--- Information supplied ---

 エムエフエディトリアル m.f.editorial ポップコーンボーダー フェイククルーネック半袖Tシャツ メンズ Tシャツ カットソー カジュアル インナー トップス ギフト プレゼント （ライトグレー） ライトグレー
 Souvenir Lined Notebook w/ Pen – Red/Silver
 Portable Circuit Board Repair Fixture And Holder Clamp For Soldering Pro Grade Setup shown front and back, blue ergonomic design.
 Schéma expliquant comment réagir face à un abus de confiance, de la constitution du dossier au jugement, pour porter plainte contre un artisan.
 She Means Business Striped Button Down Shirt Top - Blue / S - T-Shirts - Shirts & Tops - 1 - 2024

---

Problem
Write the data out in full, matching every line exactly.

Solution below
 エムエフエディトリアル m.f.editorial ポップコーンボーダー フェイククルーネック半袖Tシャツ メンズ Tシャツ カットソー カジュアル インナー トップス ギフト プレゼント （ライトグレー） ライトグレー
 Souvenir Lined Notebook w/ Pen – Red/Silver
 Portable Circuit Board Repair Fixture And Holder Clamp For Soldering Pro Grade Setup shown front and back, blue ergonomic design.
 Schéma expliquant comment réagir face à un abus de confiance, de la constitution du dossier au jugement, pour porter plainte contre un artisan.
 She Means Business Striped Button Down Shirt Top - Blue / S - T-Shirts - Shirts & Tops - 1 - 2024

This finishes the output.